Administrative divisions

Provinces

Eastern Visayas consists of 6 provinces, 1 highly urbanized city, 1 independent component city, 5 component cities, 136 municipalities and 4,390 barangays.

Governors and vice governors

Provinces

Demographics

Languages

The native languages of Eastern Visayas are:
 Abaknon, spoken in Capul Island in Northern Samar.
 Baybayanon, spoken in Baybay in Leyte.
 Boholano, spoken in Southern Leyte.
 Cebuano, spoken in parts of Biliran, Leyte, Southern Leyte, Samar, Northern Samar, and Eastern Samar.
 Kinabalian, spoken in the municipality of San Juan, Southern Leyte.
 Waray-Waray, spoken in Biliran, Leyte, Southern Leyte, Samar, Northern Samar, and Eastern Samar. It is the regional lingua franca.

Economy

Eastern Visayas is primarily an agricultural region with rice, corn, coconut, sugarcane and banana as its major crops.

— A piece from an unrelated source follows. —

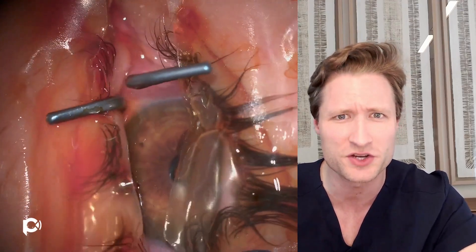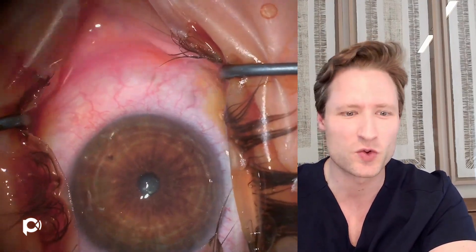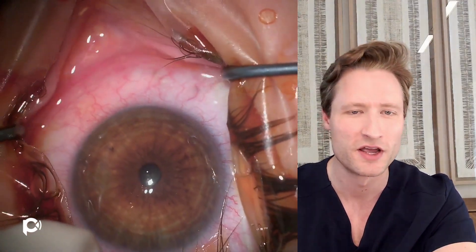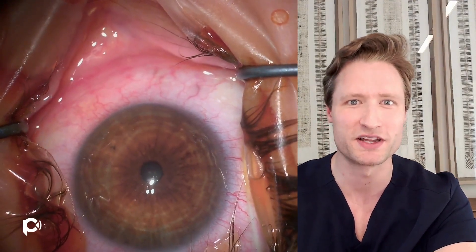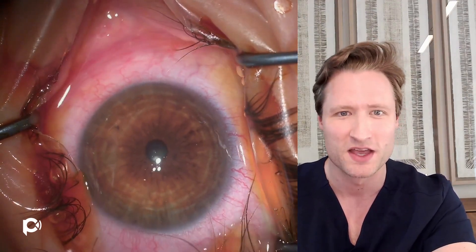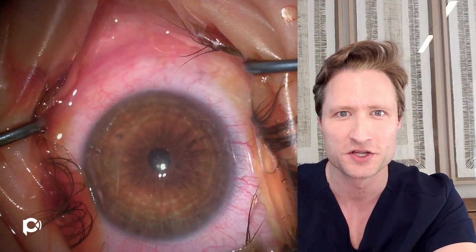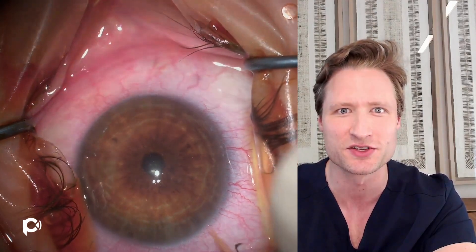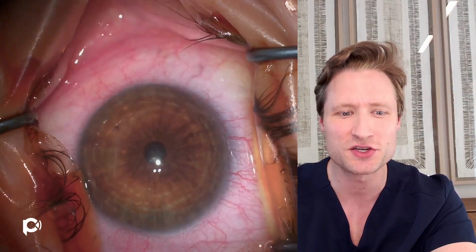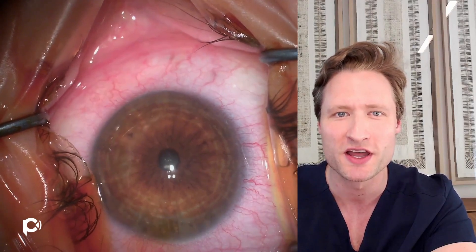This is an unedited video because I want to show you really all of the steps. The operation will begin by drying the corneal surface and then making an epithelial impression using a device called a zone marker — borrowed from the days of Intax implantation. This is a centration device that helps you plan where the incisions will be made. Because we're making an epithelial impression, we want a dry epithelial surface so that when you indent the epithelial cells, you can still see that impression.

Primary sources of revenue are manufacturing, wholesale and retail trade and services. Mining, farming, fishing and tourism contribute significantly to the economy. Manufacturing firms include mining companies, fertilizer plants, sugar central, rice and corn mills and other food processing plants. Tacloban is the hub of investment, trade and development in the region.

Other industries include coconut oil extraction, alcohol distilling, beverage manufacture and forest products. Home industries include hat and basket weaving, metal craft, needlecraft, pottery, ceramics, woodcraft, shell craft and bamboo craft.

Culture

Dances
Tinikling, the Philippines' national dance is folkdance that originated from the region. But the most popular cultural dance among Waraynons is the Kuratsa, danced during feast celebrations and special gatherings. The Leyte Kalipayan Dance Company, a local cultural group, held highly successful performances around the world.

Music
Waray people are music lovers whose folkloric music are mostly ballads in form, famous of which is Iroy nga Tuna (Motherland), a patriotic song.

Festivals
Since 2018, Eastern Visayas holds each October the 'Oktubafest' to showcase the best local wine made from coconut palm called tuba.

Infrastructure

Transportation
The region's Leyte and Samar islands serve as main link between Luzon and Mindanao by land transport. A total of nine airports, are strategically located in different parts of the six provinces that define the region. Daniel Z. Romualdez Airport in Tacloban is the main gateway by air to the region. There are seaports in Tacloban, Baybay, Catbalogan, Calbayog, Borongan, Allen, Ormoc, Bato, Hilongos, Maasin, Sogod, and Naval.

Power and energy
The region is the top producer of geothermal energy supply in the country. The province of Leyte hosts the biggest geothermal plant in the Philippines. Still, geothermal exploration is ongoing in the nearby province of Biliran. With abundance of river system, the region has potential in hydroelectric production. The strait of San Juanico between Leyte and Samar islands has been declared as potential source for water current and tidal energy sources.

Education
Eastern Visayas is home to several state universities, including the prestigious University of the Philippines Visayas Tacloban College. The region is also home to the University of Eastern Philippines (UEP), located in Catarman, Northern Samar, which holds the most number of baccalaureate and post-baccalaureate courses among universities in the region.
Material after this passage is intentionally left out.